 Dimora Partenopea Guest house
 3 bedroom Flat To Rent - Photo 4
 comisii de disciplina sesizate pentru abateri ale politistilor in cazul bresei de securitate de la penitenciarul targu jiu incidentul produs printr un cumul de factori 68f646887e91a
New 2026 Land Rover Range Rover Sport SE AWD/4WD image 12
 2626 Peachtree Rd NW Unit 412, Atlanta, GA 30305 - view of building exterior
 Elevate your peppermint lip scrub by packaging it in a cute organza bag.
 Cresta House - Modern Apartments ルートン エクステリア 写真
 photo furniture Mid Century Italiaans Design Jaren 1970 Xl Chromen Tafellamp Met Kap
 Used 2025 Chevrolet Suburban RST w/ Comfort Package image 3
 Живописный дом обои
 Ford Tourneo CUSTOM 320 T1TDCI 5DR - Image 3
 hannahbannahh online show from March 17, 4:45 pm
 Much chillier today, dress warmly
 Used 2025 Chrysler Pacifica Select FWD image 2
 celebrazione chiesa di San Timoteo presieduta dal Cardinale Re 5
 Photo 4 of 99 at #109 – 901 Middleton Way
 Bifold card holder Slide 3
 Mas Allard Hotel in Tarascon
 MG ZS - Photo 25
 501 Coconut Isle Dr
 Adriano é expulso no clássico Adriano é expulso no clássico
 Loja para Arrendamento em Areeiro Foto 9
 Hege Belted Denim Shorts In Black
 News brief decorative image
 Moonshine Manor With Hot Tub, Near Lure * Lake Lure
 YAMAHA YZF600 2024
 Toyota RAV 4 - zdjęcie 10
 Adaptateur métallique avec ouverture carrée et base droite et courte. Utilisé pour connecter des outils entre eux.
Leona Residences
• • •
Could you return the lines in the entries above that contain "Used"?

■ Solution to this task ■
 Used 2025 Chevrolet Suburban RST w/ Comfort Package image 3
 Used 2025 Chrysler Pacifica Select FWD image 2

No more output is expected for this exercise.